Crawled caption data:
● ● ● ● ●

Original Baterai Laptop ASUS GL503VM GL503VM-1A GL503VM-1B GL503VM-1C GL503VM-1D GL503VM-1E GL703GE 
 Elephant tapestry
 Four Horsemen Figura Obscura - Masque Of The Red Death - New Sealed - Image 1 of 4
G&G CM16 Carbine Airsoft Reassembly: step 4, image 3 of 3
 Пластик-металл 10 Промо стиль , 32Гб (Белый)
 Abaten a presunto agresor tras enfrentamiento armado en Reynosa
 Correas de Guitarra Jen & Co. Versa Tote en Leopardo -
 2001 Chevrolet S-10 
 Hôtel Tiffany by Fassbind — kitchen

● ● ● ● ●

#### What to work on
The records above are to be restated word for word, in full.

#### Task solution
Original Baterai Laptop ASUS GL503VM GL503VM-1A GL503VM-1B GL503VM-1C GL503VM-1D GL503VM-1E GL703GE 
 Elephant tapestry
 Four Horsemen Figura Obscura - Masque Of The Red Death - New Sealed - Image 1 of 4
G&G CM16 Carbine Airsoft Reassembly: step 4, image 3 of 3
 Пластик-металл 10 Промо стиль , 32Гб (Белый)
 Abaten a presunto agresor tras enfrentamiento armado en Reynosa
 Correas de Guitarra Jen & Co. Versa Tote en Leopardo -
 2001 Chevrolet S-10 
 Hôtel Tiffany by Fassbind — kitchen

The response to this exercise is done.